Monday, December 11, 2006

First syscall working

I got the first sample system call working, and can switch back and forth between user/supervisor spaces. I'm glad that it works; the assembler glue logic was making me worry long time ago, but it's no big deal really. Things that seem hard to achieve get easy to implement when you investigate them for a while. I could even say driving some devices like usb host controllers correctly is harder than getting a processor going. You are writing software after all, and can follow with the debugger.

I slept for half an hour after work, and caught myself snor multiple times. Man, I was in real deep sleep although only for about half an hour. When you wake up its like you are reborn. From today onwards, I also eat lightly. What was that ice-cream, lamb, ice-cream combo, yesterday. Although with one hour inbetween each meal I was gonna get real sick after the half glass of rum in the end!

Saturday, December 09, 2006

Things getting better

Its a cold winter night here in Cambridge. I've been reading through context switching conventions on ARM. It's not too hard once you write some assembler, run it on the debugger and see how it behaves. I got my first inittask (extremely simple branch to itself task!) running by mapping its tables, giving it a pageful of stack and jumping to it. It's not complicated really. I had to write a pgd allocator first, change the page allocator to give back physical pages on request, create a correct ktcb etc. etc. I'm quite happy though that all this has worked in the first run with minor changes after compilation. No hard debugging times as I expected, because getting CPSR/SPSRs, user space permissions, flushing of caches/tlb at the correct place must be all done the right way, which I hadn't tried before. Perhaps nasty bugs will show up tomorrow. But let me commit this first. By the way it seems I should switch to STGIT, its no doubt more useful to manage your patches with git itself.

Friday, December 01, 2006

Loading loading loading..

I've figured out a way to build all images (the microkernel + multiple svc tasks, like inittask, roottask etc.) independently, and yet have the microkernel discover about where the other images are loaded at.

Each image during it's build extracts the final LMA of the previous image to be loaded before it. It's linker script then includes this information from an autogenerated lds file.

Finally after each image is built, a bootdesc structure is loaded at the end of all images. The microkernel discovers its address at run-time, reads it and learns about all other images.

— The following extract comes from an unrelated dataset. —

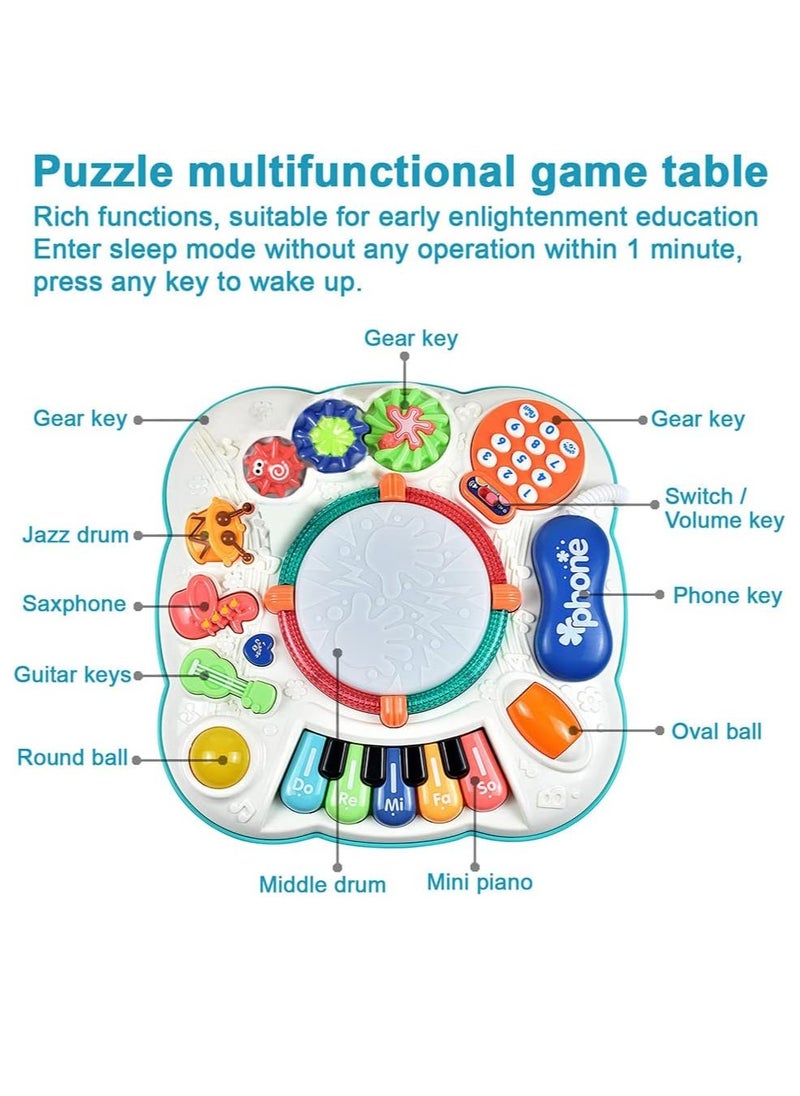 Baby Toys 6 to 12 Months, Learning Musical Table, Activity Table for 1 2 3 Years Old ( Size: 11.8 x 11.8 x 12.2 inches )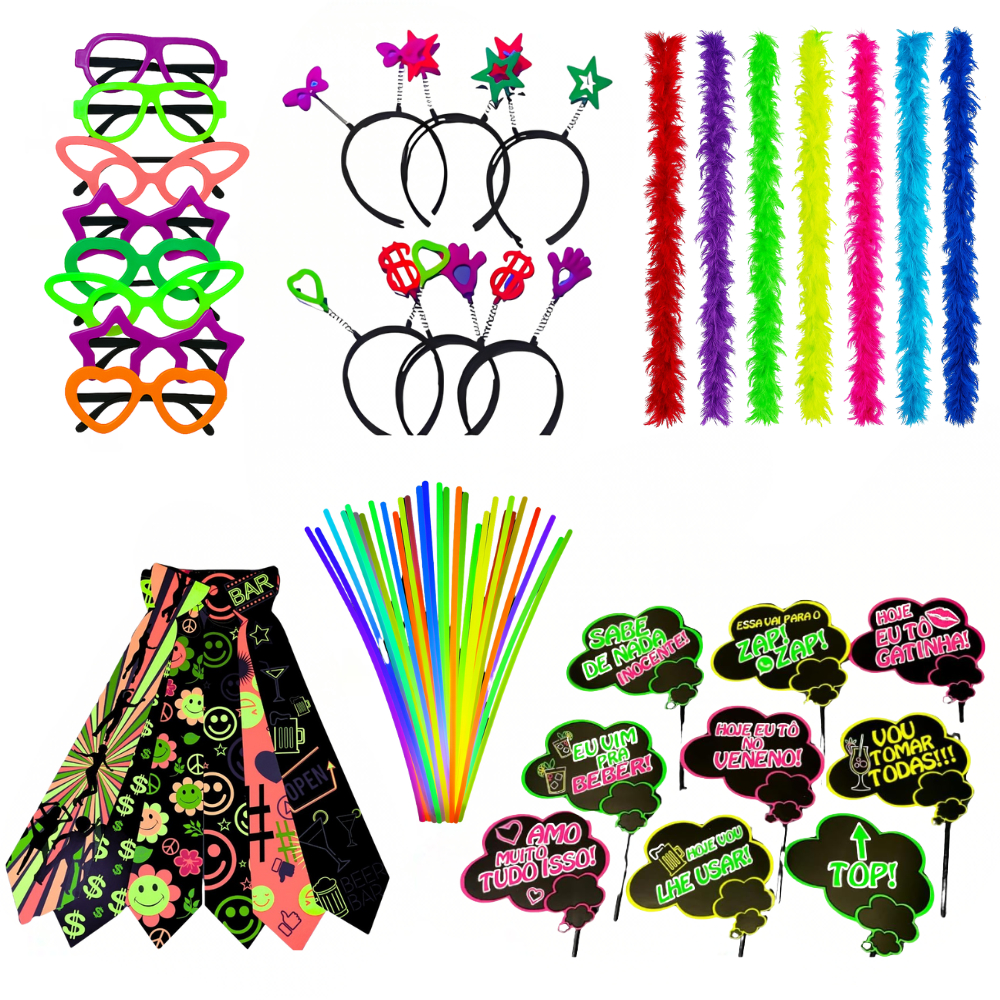 Kit Festa Neon 150 Peças, Pulseiras, Óculos, Tiaras, Gravatas, Plaquinhas, Marabus, Acessórios para Balada - Casamento em Oferta na Shopee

The nice thing about all this is that it does not require any special modification of elf images during build time, or any custom loader. A generic elf loader (like the one I use from original l4 project, which is great) should suffice to load all this.

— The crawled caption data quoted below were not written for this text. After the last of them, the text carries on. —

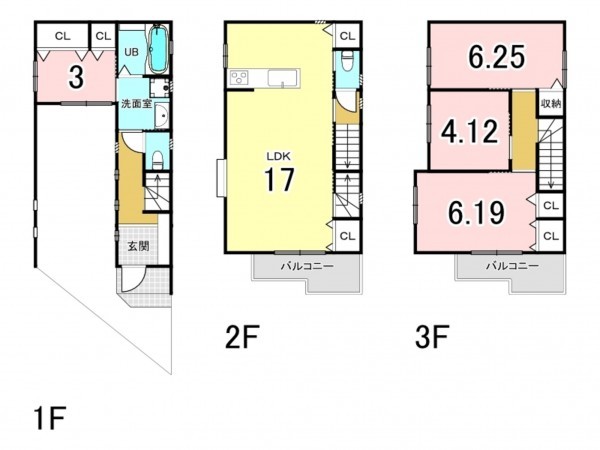 大阪市鶴見区横堤、中古一戸建ての間取り画像です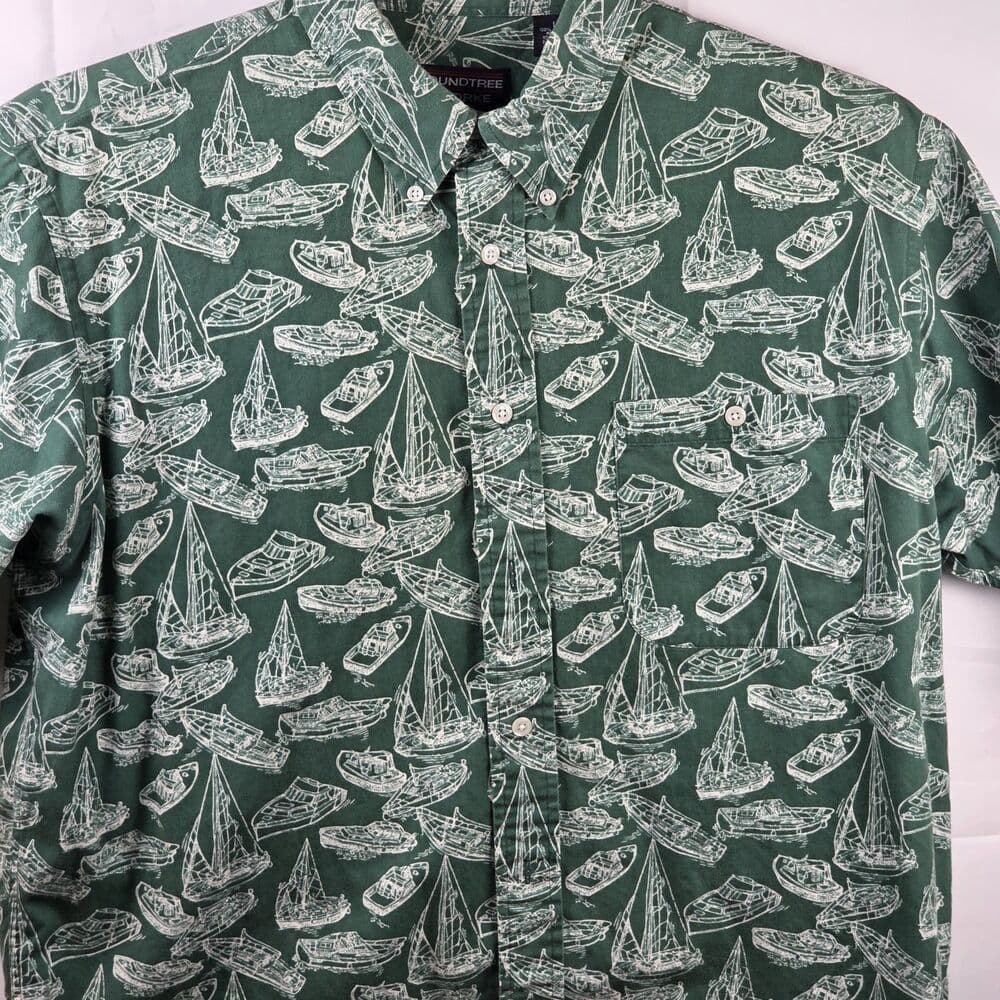 Roundtree‎ & Yorke Men's Large Green Boat Designs Short Sleeve Button Up Shirt - Thumbnail 2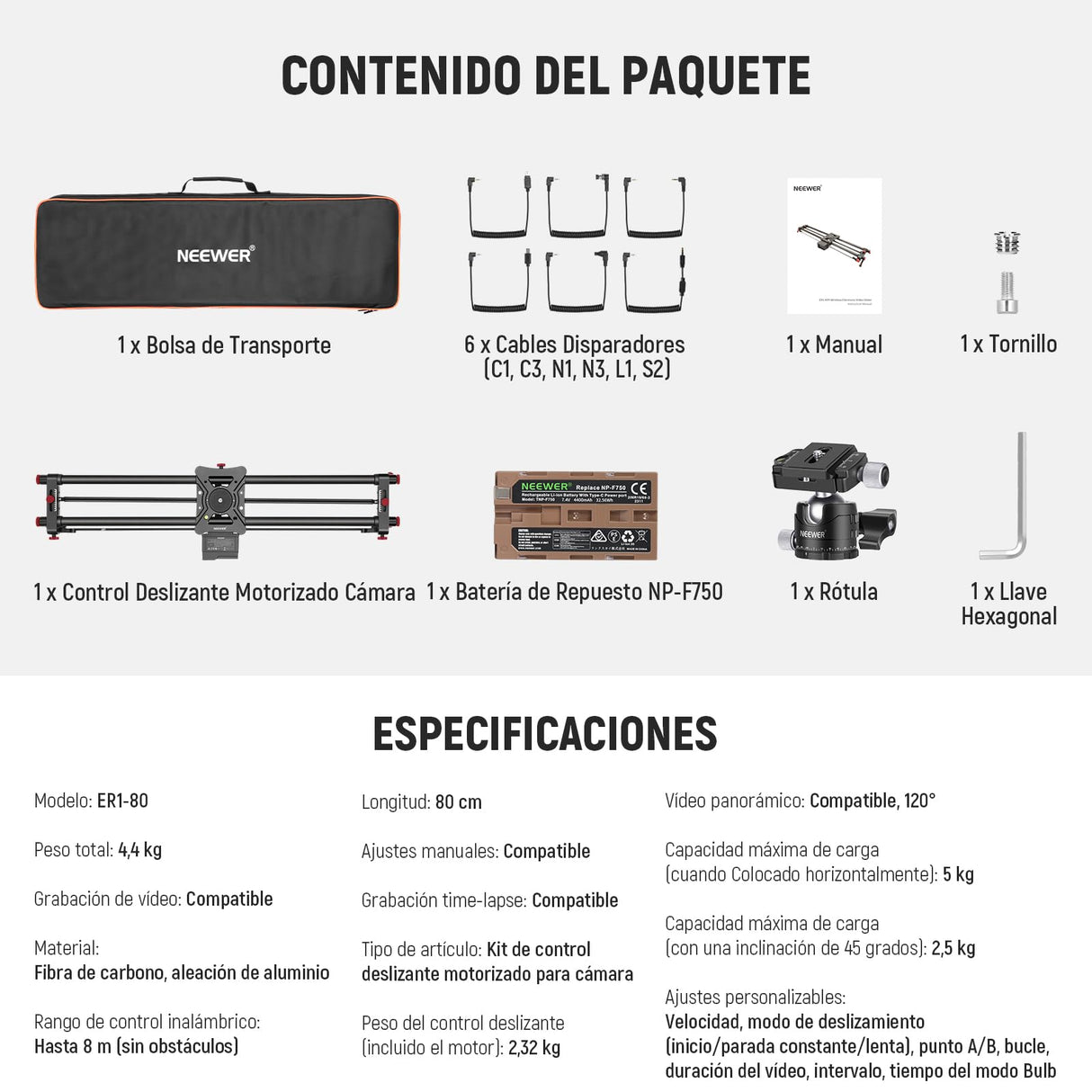 NEEWER 31,5"/80cm Deslizador Motorizado Cámara, App Control Inalámbrico DSLR Deslizador Riel Fibra Carbono con 4400mAh Batería F750 (Cargador No Incluido), Modo Video, Lapso Tiempo Foto, ER1-80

The actual problem in general is to find the time and energy to continue this work alongside work-related work, which is also very brain consuming. I can find the time on evenings, but sometimes not the energy to think and solve puzzles. But it's still fun to do this. At last I am doing something that I really wanted to do rather than others wanted me to do.

To get dynamic stack and heap allocation, correct page fault handling, linking with the incomplete user C library, making the system calls, conforming to L4 specs in register layout of system calls etc. etc. are all achievable but each will take time to think about before implementation, and debugging etc. Hopefully I will find lots of time during my 2 weeks christmas holiday. I had a 1 week holiday in september and that's how actually I got the memory allocators debugged/tested/finished in reasonable time.